[Image-caption web data]
╭──

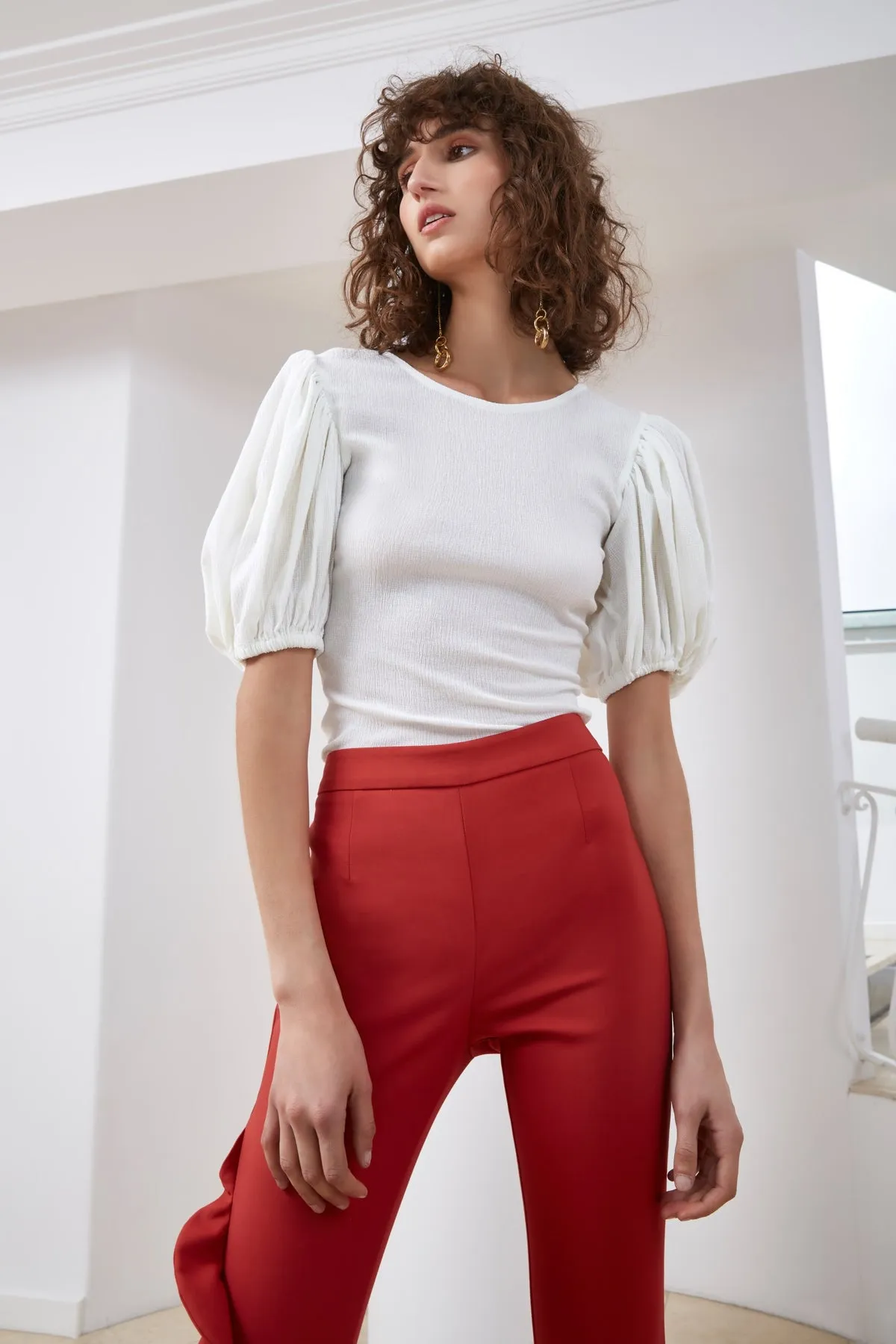 CIRCUIT SHORT SLEEVE TOP ivory sold by C/MEO Collective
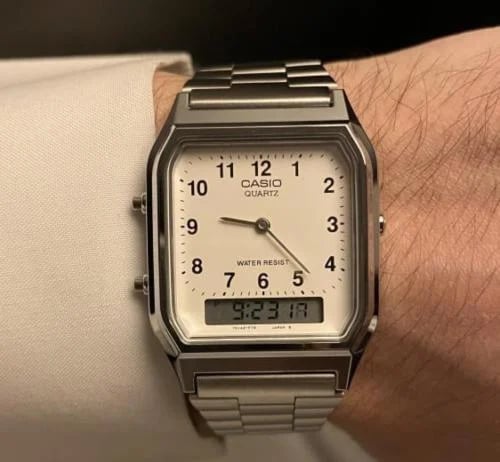 Casio vintage watch white with English numbers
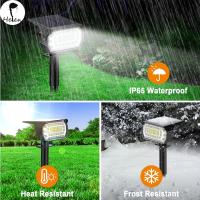 Luces Solares LED Exterior Jardin [2 Paquete/72LED] Focos LED Solares, Impermeable IP65 Luz Solar Exterior Potente Foco Lampara Solar Jardin Exteriores Suelo (Blanco Frio) - details 1
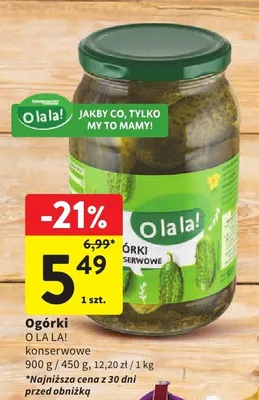 Ogórki konserwowe O La La! promocja w Intermarche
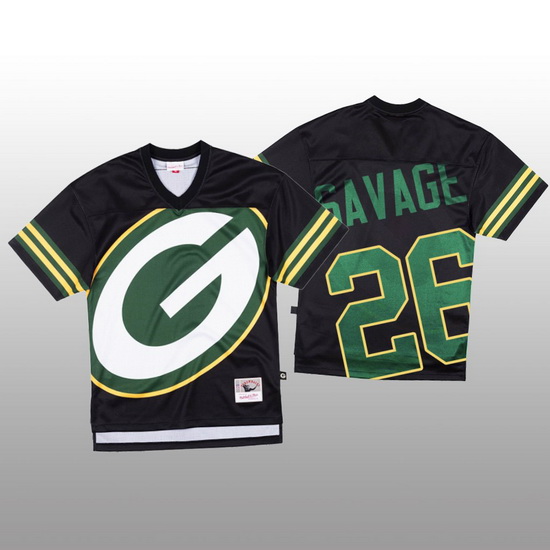 NFL Green Bay Packers 26 Darnell Savage Jr  Black Men Mitchell  26 Nell Big Face Fashion Limited NFL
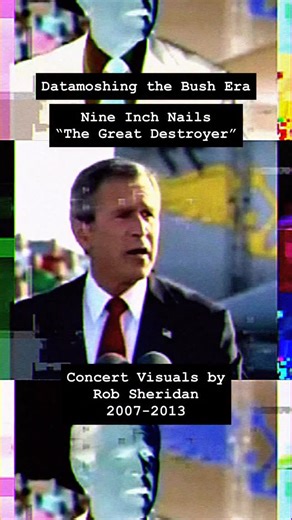 Nine Inch Nails’ “The Great Destroyer”; some raw datamoshing clips from my stage visuals, 2013 (continuing a theme we began in 2007). Short bits of these were intercut chaotically into TGD’s glitch noise jam (check my reels grid to see the whole thing), but I always liked the way these played out in full; it’s morbidly hypnotic watching the Talking Heads of American Imperialism melt and swirl into colorful digital ooze. In my forthcoming glitch art book, I’ll be exploring print adaptations of di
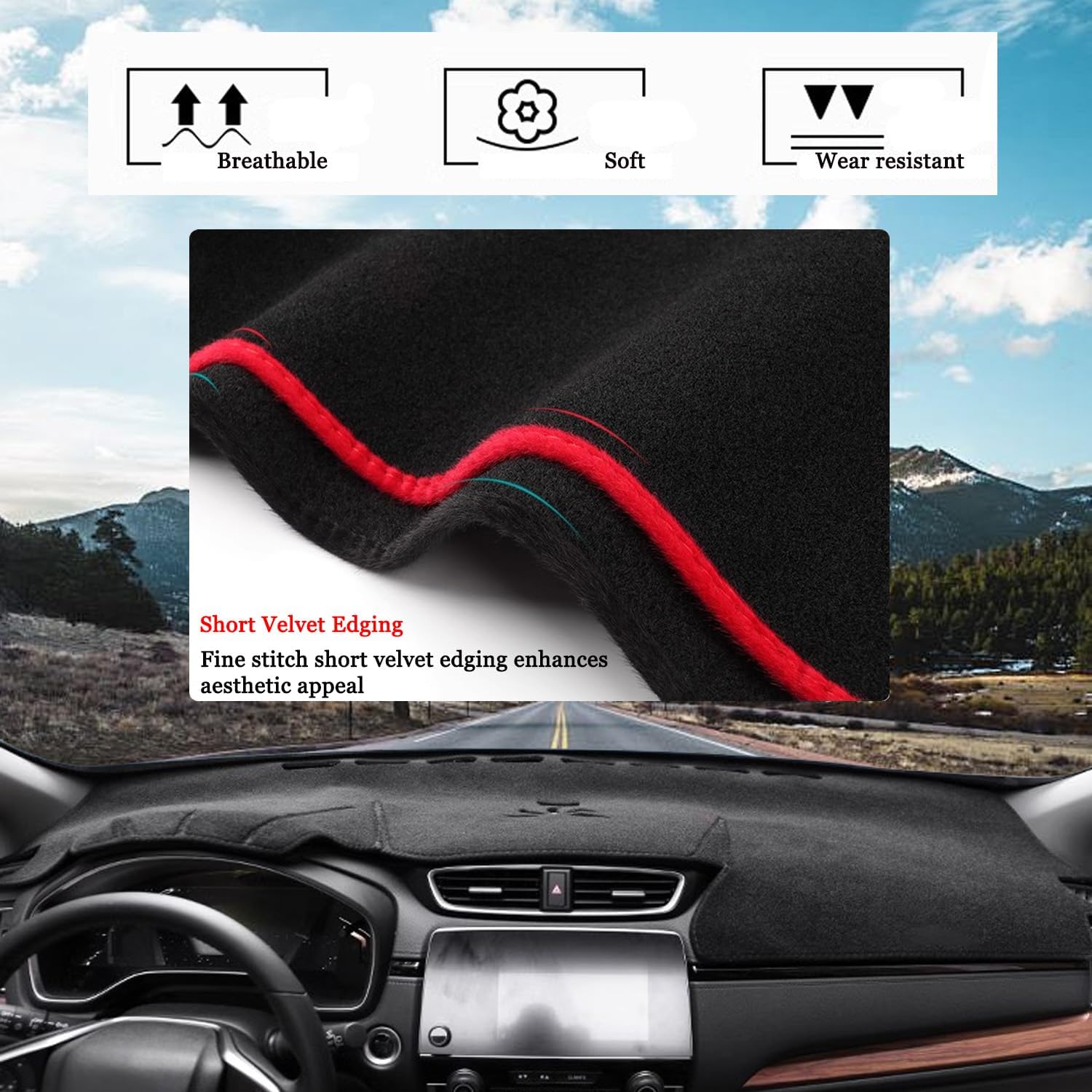 Blazeray Car Dashboard Cover Mat for Honda CR-V CRV 2017 2018 2019 2020 2021 2022 Left Hand Driving Non-Slip Dashboard Mat Pad Interior Accessories Custom Fit Dash Mat Sunshade No Glare(Black Edge)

╰──

A word-for-word transcription of the entries above, free of images, is what is wanted.

 CIRCUIT SHORT SLEEVE TOP ivory sold by C/MEO Collective
 Casio vintage watch white with English numbers
 Luces Solares LED Exterior Jardin [2 Paquete/72LED] Focos LED Solares, Impermeable IP65 Luz Solar Exterior Potente Foco Lampara Solar Jardin Exteriores Suelo (Blanco Frio) - details 1
 Ogórki konserwowe O La La! promocja w Intermarche
 NFL Green Bay Packers 26 Darnell Savage Jr  Black Men Mitchell  26 Nell Big Face Fashion Limited NFL
 Nine Inch Nails’ “The Great Destroyer”; some raw datamoshing clips from my stage visuals, 2013 (continuing a theme we began in 2007). Short bits of these were intercut chaotically into TGD’s glitch noise jam (check my reels grid to see the whole thing), but I always liked the way these played out in full; it’s morbidly hypnotic watching the Talking Heads of American Imperialism melt and swirl into colorful digital ooze. In my forthcoming glitch art book, I’ll be exploring print adaptations of di
 Blazeray Car Dashboard Cover Mat for Honda CR-V CRV 2017 2018 2019 2020 2021 2022 Left Hand Driving Non-Slip Dashboard Mat Pad Interior Accessories Custom Fit Dash Mat Sunshade No Glare(Black Edge)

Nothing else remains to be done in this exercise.